At the Altar of the Bottom Line: The Degradation of Work in the 21st Century, by Tom Juravich, professor of labor studies at the University of Massachusetts, Amherst, follows a long line of sociological research and involvement in the labor movement. His approach combines historical and sociological analysis as contexts exemplified by intimate interviews dissecting contemporary working conditions encountered by workers in North America. An unusual aspect of his interest in the plight of modern-day workers is that of a songwriter and singer. Juravich was a founding member of Local 1000 of the American Federation of Musicians. Included with this book is a CD that contains excerpts of interviews Juravich recorded, as well as four original songs he wrote and performed.

Based on extensive interviews with eighty-five workers carried out over six years in four different industries, Juravich, a sociologist, combines oral history with his social and historic interpretation of today's American workplace. Its four chapters focus on four different types of workplaces to uncover specific conditions that underlie a common corporate cultural disposition toward its workers that increasingly permeates companies in the U.S. The book includes two auxiliary sections, "Conclusion" and "Appendix: On Workplace Ethnography," and concludes with one-and-a-half pages of notes, an extensive list of references [End Page 281] that runs for sixteen pages, and twelve pages of interviewee photographs by Paul Shoul.

In the first chapter, on customer service, Juravich deconstructs the Verizon model in Andover, Massachusetts, to show how the call center industry as a whole follows the same model, where reps are overwhelmed by the required pace of work and job stress. The second chapter's focus on exploitation, Juravich's descriptions of work in New Bedford fish houses are reminiscent of Upton Sinclair's The Jungle. In New Bedford, undocumented Mayan Guatemalans face political and economic pressures as they try to maintain their jobs in the fish-processing industry.

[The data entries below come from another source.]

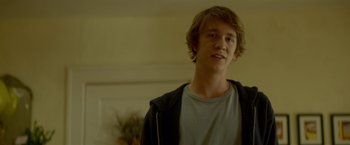 Movie still from “Me and Earl and the Dying Girl” (2015), directed by Alfonso Gomez-Rejon – A young man standing in front of a wall; Medium shot, Over the shoulder angle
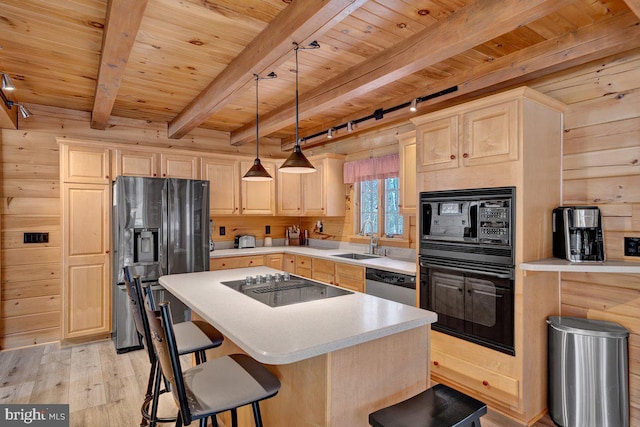 kitchen featuring wooden walls, light brown cabinetry, sink, wood ceiling, and black appliances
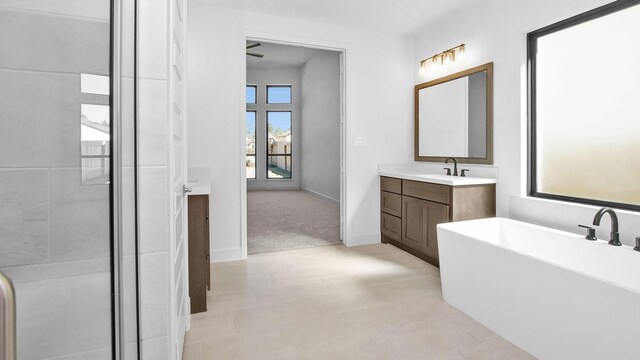 bathroom with vanity and a tub to relax in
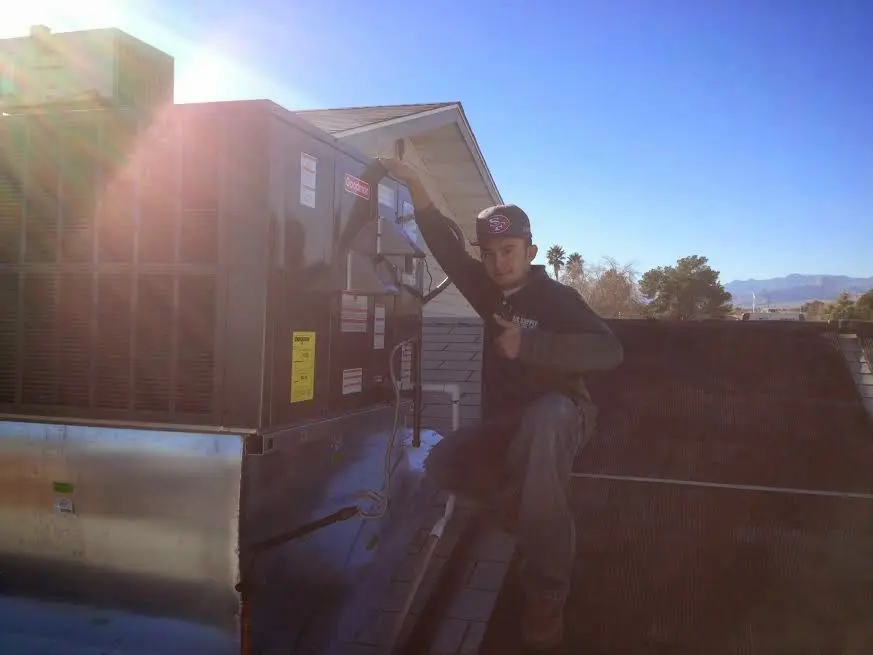 HVAC technician performing Boiler Repair on a rooftop unit in Mascoutah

In the hypocrisy of our time, they face inhumane anti-immigrant abuses exemplified by brutal immigration raids by U.S. agents. Chapter 3 examines work exhaustion. Boston Medical Center is a hospital where consolidation has brought the altar of the bottom line to fundamentally alter patient care delivery while more profitable elective surgery takes place nonstop. The final chapter details how the Jones Beloit plant in Dalton, Massachusetts, closed without warning on August 20, 1998. Three hundred workers were abruptly told to leave, completely abandoned after years of employment. As in the other chapters, Juravich does a masterful job setting the historical stage and takes us step-by-step through the industrial philosophies of the day that eventually led to the closing.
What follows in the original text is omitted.